Змеиное золото. Лиходолье | страница 44
– Тише, тише. – Я крепко ухватила мальчишку обеими руками, утыкая его лицом в свою грудь, чтобы хоть немного заглушить крики, действующие на кэльпи, как бестолковое размахивание палкой перед оскаленной собачьей мордой. – Я лирха, я тебя вытащу из беды, только не кричи. Ты в безопасности, это чудовище тебя не тронет.
Пока – не тронет.
Очередной удар, от которого «запрещающий» знак, висящий в воздухе, пошел трещинами. То ли человечья кровь слабее шассьей, то ли я второпях напутала что-то, но эта преграда оказалась значительно хлипче той, что в свое время сдерживала Госпожу Загряды.
Мальчик всхлипнул и затих, дрожа всем телом, как щенок с обкорнанным ухом, которого я когда-то давно, целую жизнь назад, подобрала на обочине дороги рядом с разоренным ромалийским лагерем. Я прикрыла глаза, вслушиваясь в окружающую тишину.
Шорох безжалостно сминаемых стеблей, низкое горловое рычание, едва различимый металлический скрежет. На оскаленной морде кэльпи нарисовалось почти человеческое изумление, когда покрытые латами железные руки харлекина цепко ухватили «водяную лошадку» за задние ноги в момент, когда та намеревалась еще раз подняться на дыбы, чтобы сокрушить ненавистную невидимую стену, и резко дернули, оттаскивая нечисть в сторону от «добычи».
Металлический скрежет, от которого на спине вдоль позвоночника нарастает прочная шассья чешуя, низкий гул, как от удара в тяжелый гонг. Я торопливо сдернула с головы плотный яркий платок, украшенный шелковыми кистями, ловко замотала им ребенку лицо и голову, затягивая путаный узел сбоку.

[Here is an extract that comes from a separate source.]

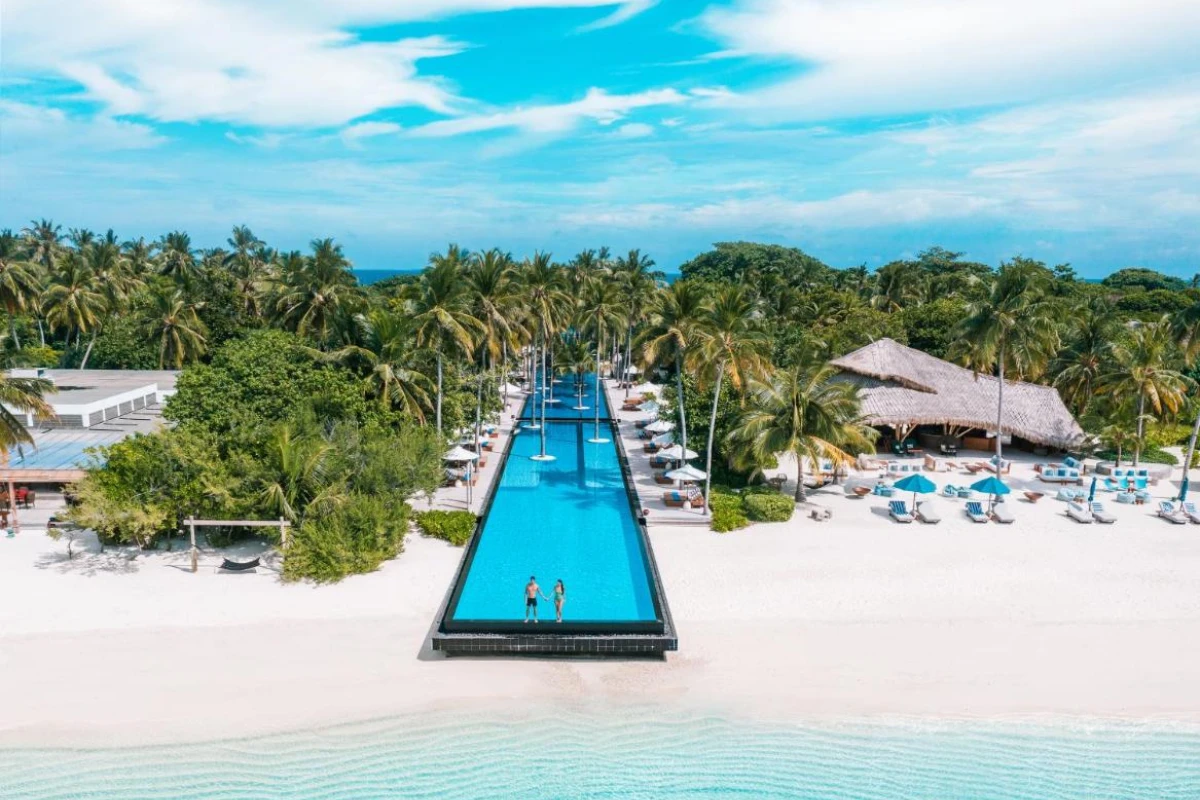 Sirru Fen Fushi Maldives Private Lagoon Resort - Hotel Photo 18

– Не смотри на зло, и оно тебя не увидит. – Я аккуратно спустила с колен мальчишку, усадив его на землю. Тот беспомощно уцепился за мою одежду тонкими, ободранными на костяшках пальцами, замотал головой, тихонечко, нечленораздельно постанывая, будто разом утратив способность к человеческой речи. – Сиди тихо, и все будет хорошо. Обещаю.
Встать, повести плечами, словно сбрасывая невидимое покрывало.
Шаг вперед, сквозь преграду защитного контура, неприятно щекочущего кожу крохотными муравьиными лапками.
Над ночным лугом волнами перекатывается студеный ветер, остро пахнет травяным соком, вывернутым дерном, железной окалиной и холодной туманной сыростью. Краткое, всего на удар сердца, мгновение, когда мельком увиденное зрелище будто клеймо ставит и вспоминается в будущем в самых мельчайших подробностях, которые забываются столь же неохотно, как стирается с каменной плиты однажды выбитая надпись.